Miguel Mungia appeals his jury conviction for possession with intent to distribute heroin and for using a firearm during the commission of a drug trafficking offense, in violation of 21 U.S.C. § 841(a) (1) and 18 U.S.C. § 924(c) (1). He contends his indictment should have been dismissed as violative of the Speedy Trial Act and that he was denied a fair trial because the district court improperly admitted an informant's hearsay statements under the co-conspirator exception to the hearsay rule. We affirm the conviction.
Mungia was arrested on October 14, 1991, by officers of the Salem, Oregon police department in the parking lot of an Albertson's grocery store. The arrest stemmed from an investigation by Officer Tim Diede of the Salem Police Department and Agent Thomas Walsh of the U.S. Drug Enforcement Administration. Walsh and Diede had provided money to an undercover informant, Alvaro Plancarte, to purchase a small quantity of heroin from co-defendant Jose Flores. After that purchase, Plancarte negotiated with Flores to purchase approximately 250 grams (10 ounces) of heroin for a price of $23,000. Over Mungia's objection, Plancarte testified that Flores twice told him that Mungia was the source of the heroin.
Plancarte and Flores arranged for the transaction to take place on October 14, 1991, in the Albertson's parking lot. On October 14, law enforcement officers observed Flores drive to the parking lot, enter the store, and emerge a short time later with Mungia. Flores and Mungia walked to a small pickup truck parked in the lot, where they joined co-defendant Mario Adame. Mungia got into the driver's side and Flores got into the passenger side of the truck. Minutes later, Salem Police Department officers arrested Adame, Flores and Mungia. Mungia consented to a search of the truck, and police discovered two loaded pistols, a pager keyed to a number Flores had given to Plancarte, and approximately 250 grams of heroin.
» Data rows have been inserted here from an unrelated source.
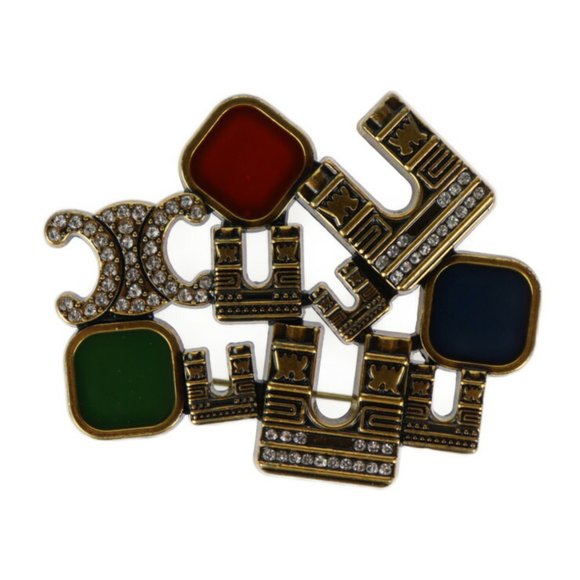 CELINE Pin Brooch - Metal Rhinestone Gold Red Green Blue Arc de Triomphe Moti... - Picture 1 of 7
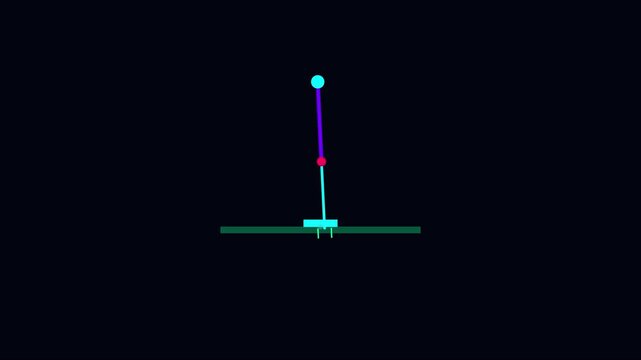 Minimalist pendulum physics simulation: oscillating motion and kinetic energy analysis animation 4k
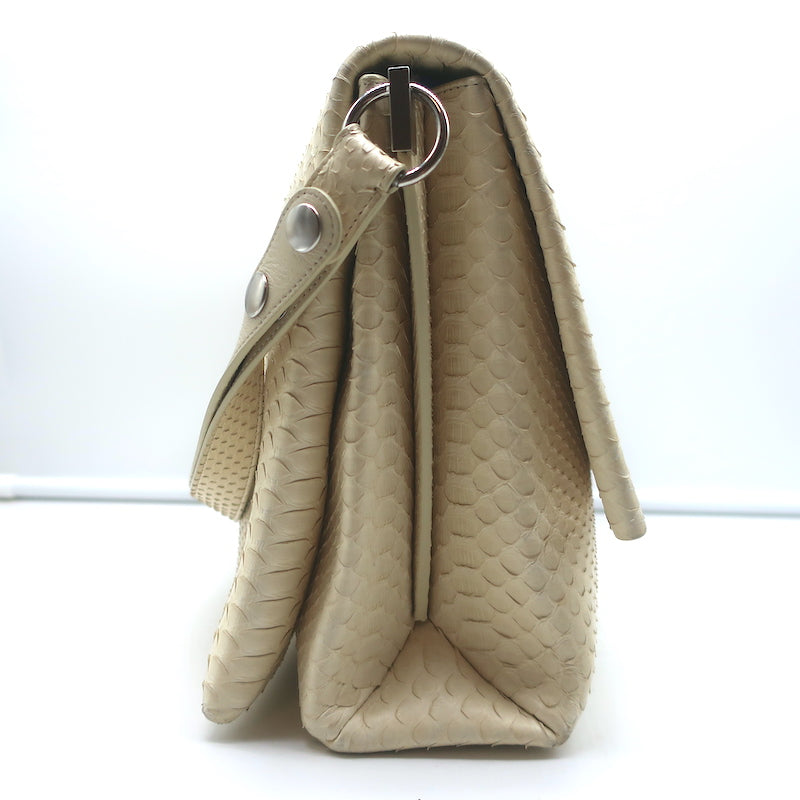 Celine Blade Shoulder Bag Cream Snakeskin Medium Crossbody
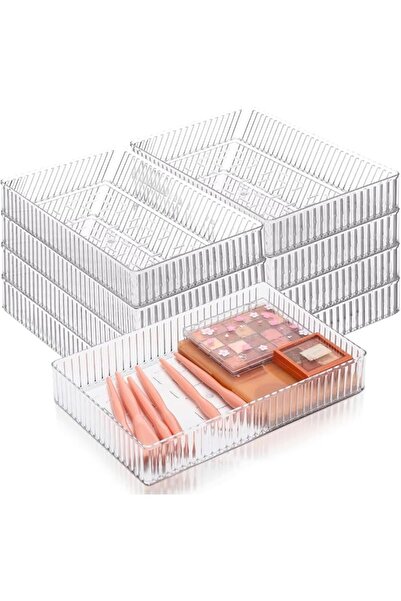 Tazweeq Clear Plastic Drawer Organizer Set of 8, Versatile Bathroom and Vanit...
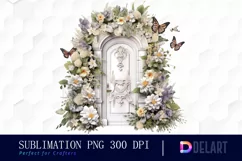Watercolor Spring Front Door Flowers Butterfly PNG Clipart Product Image 1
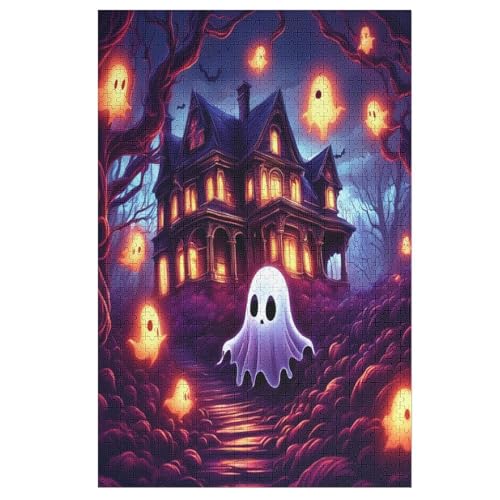 Halloween Geist Holzpuzzle - Puzzle Für Erwachsene, 1000-teilige Puzzles Für Teenager Und Kinder, Herausfordernde Spiele （78×53cm） von PPZYY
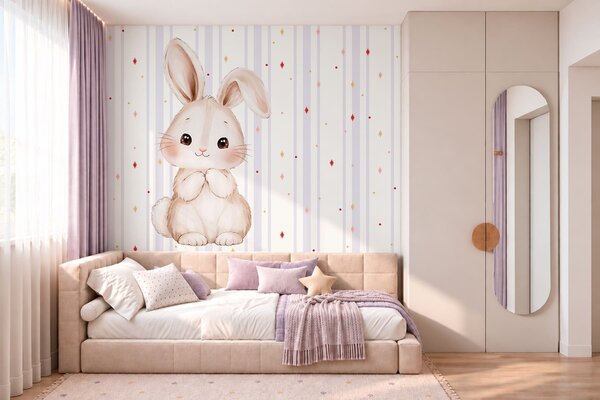 Tapety Roztomilý zajačik na pozadí fialových pruhov a jasných hviezd, Fototapety zvieratá, w05920v1 : Uwalls.sk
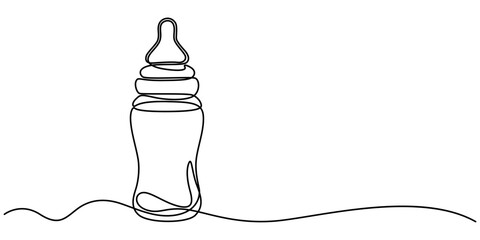 Aufkleber - Continuous one line drawing of baby feeding bottle. Baby drink bottle with love outline vector illustration. Editable stroke, Continuous editable line drawing of baby bottle. Baby milk bottle icon in.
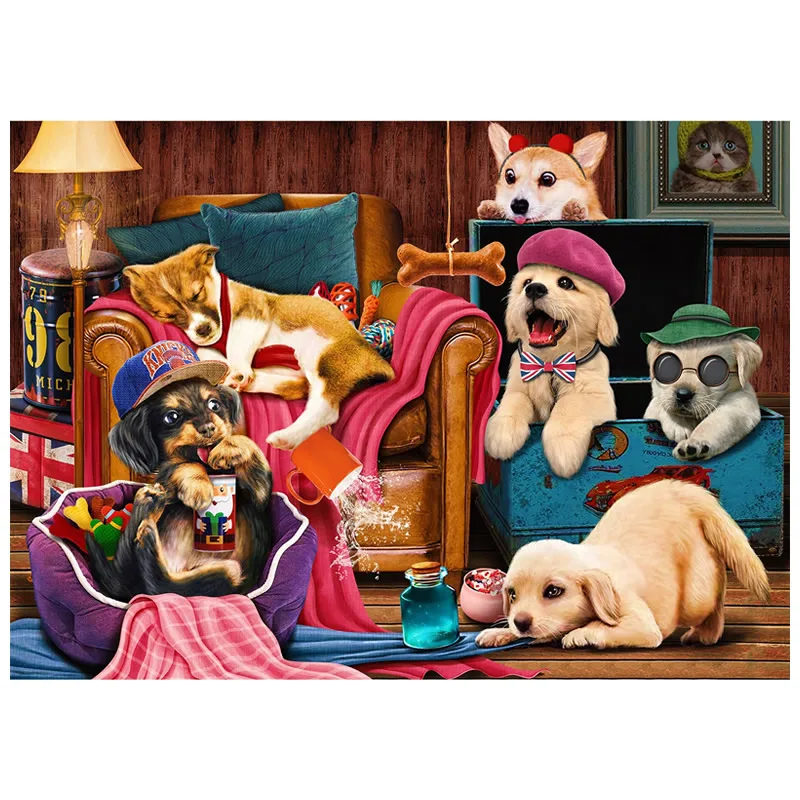 

GSDZ0026-0030 Happy Times for Dogs 1000Pieces Landscape Painting Jigsaw Puzzle Adult toy HUADADA BIG SIZE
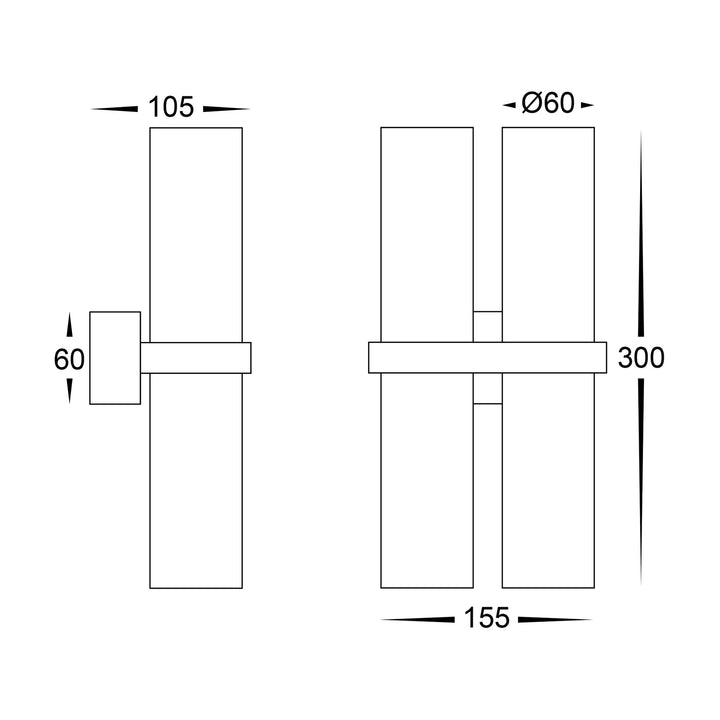 HV10292T - Luz Black/White TRI Colour Double Up & Down Wall Pillar Lights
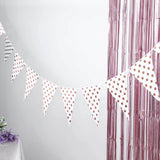 7.5ft | Rose Gold Polka Dot Print Triangle Pennant Flag Party Banner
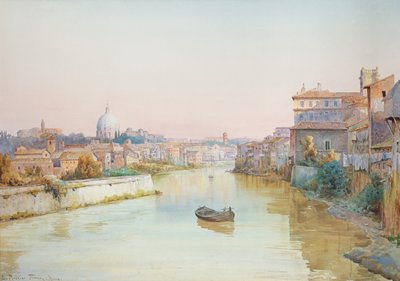 Uitzicht op de Tevere vanaf de Ponte Sisto door Ettore Roesler Franz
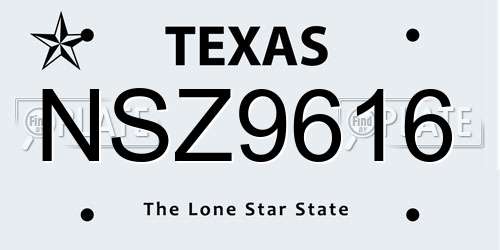 NSZ9616 Texas License Plate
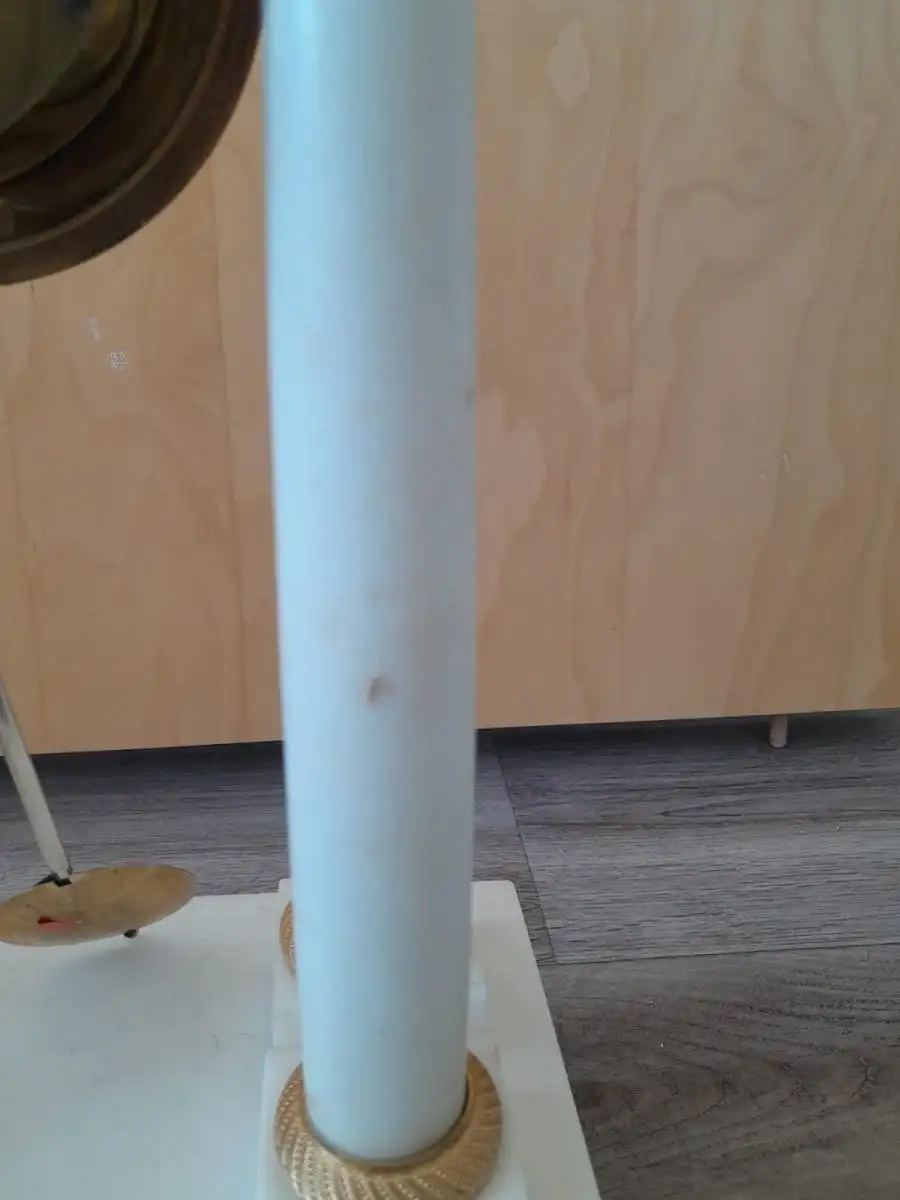 Weiße Marmor Säulenpendule - Französisch - White Marble Pendulum Clock- French Origin 8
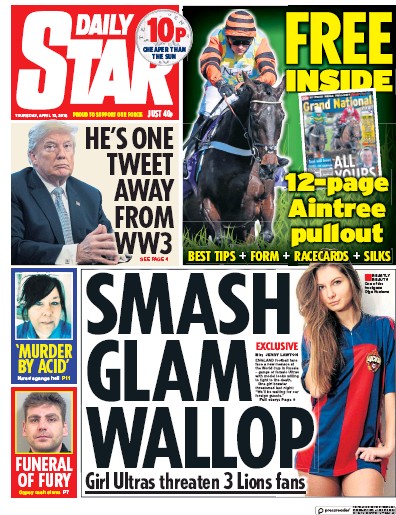 Daily Star Newspaper Front Page (UK) for 12 April 2018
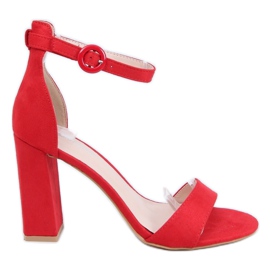 Sandali rossi con tacco alto A12-06 Rosso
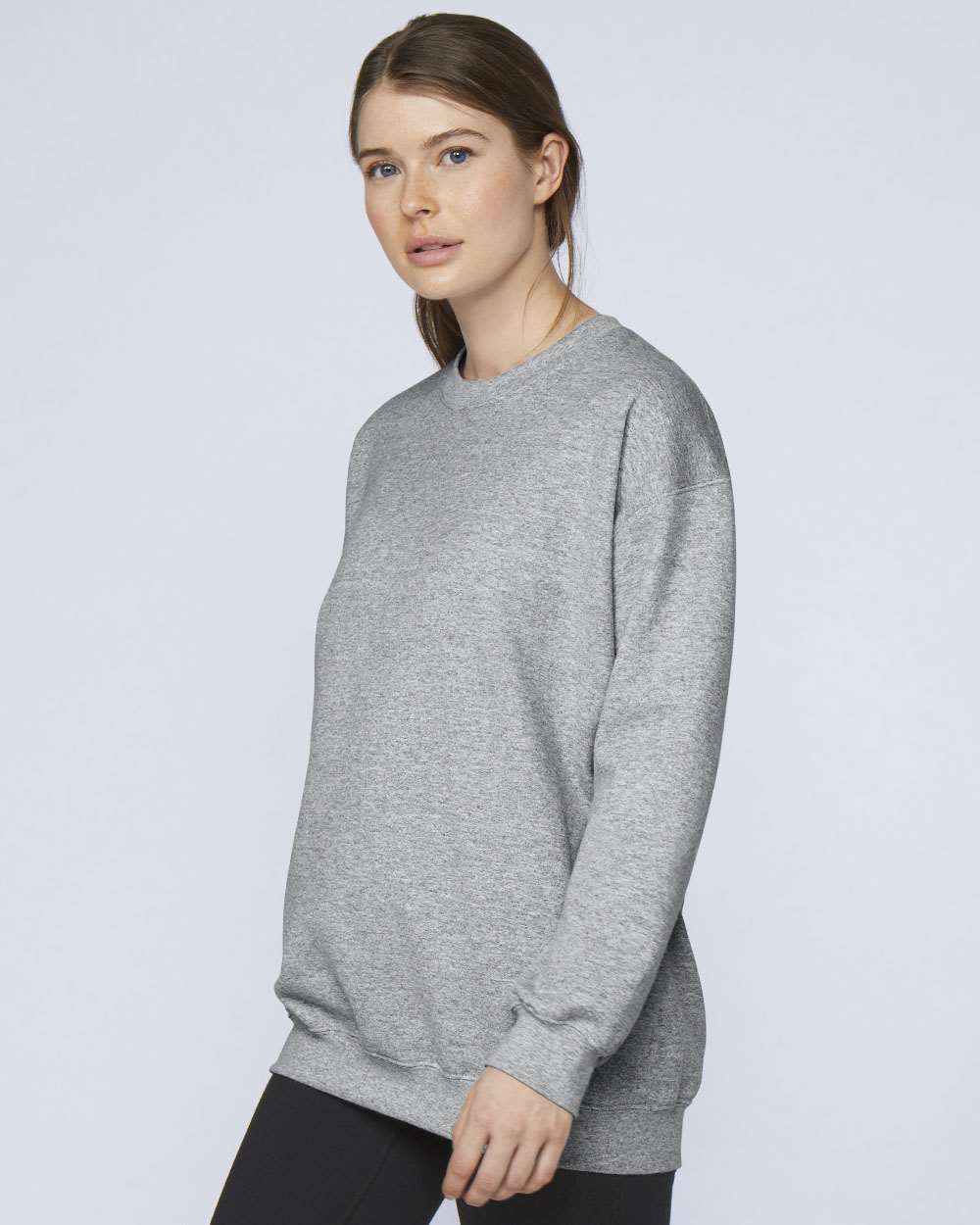 Unisex Softstyle® Midweight Crewneck Sweatshirt - OnModelSide - B24060583 - Sport Grey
On October 16, 1991, Mungia made his initial appearance in federal court, where a federal complaint and certificate of arrest were filed. A preliminary hearing was held October 18 before a federal magistrate, who found probable cause and ordered Mungia detained. On November 15, 1991, the grand jury indicted Mungia, Flores and Adame on charges of possession with intent to distribute heroin, in violation of 21 U.S.C. § 841(a) (1) [Count One], and of using a firearm during the commission of a drug trafficking offense, in violation of 18 U.S.C. § 924(c) (1) [Count Two].
All three defendants moved to dismiss their indictments on the ground that they had been issued in violation of the Speedy Trial Act, which requires that a defendant be indicted within 30 days of arrest. 18 U.S.C. § 3161(b). The district court denied the motion, holding that 18 U.S.C. § 3161(a) (1), the sanctions provision for violations of the Speedy Trial Act, is triggered only after 30 days have elapsed since the filing of a federal complaint.
Flores and Adame pled guilty; Mungia pled not guilty and proceeded to trial. Mungia moved in limine to exclude Plancarte's "source" testimony on hearsay grounds. The district court denied the motion. Mungia was tried before a jury on February 20-28, 1991, and was found guilty on both counts. After trial, Mungia moved for a new trial based on the court's admission of Plancarte's testimony. The district court denied the motion. On July 8, 1991, Judge Redden sentenced Mungia to 63 months in prison on Count One and 60 months on Count Two, to be served consecutively, followed by five years of supervised release. Mungia timely appealed.
Mungia contends that because 32 days elapsed between his October 14 arrest and his November 15 indictment, the indictment violated the Speedy Trial Act and therefore should have been dismissed by the district court.1 The proper interpretation of the Speedy Trial Act raises a question of law subject to de novo review. See United States v. McConney, 728 F.2d 1195, 1201 (9th Cir.) (en banc), cert. denied, 469 U.S. 824 (1984).
Section 3161(b) of the Speedy Trial Act provides:
Any information or indictment charging an individual with the commission of an offense shall be filed within thirty days from the date on which such individual was arrested or served with a summons in connection with such charges.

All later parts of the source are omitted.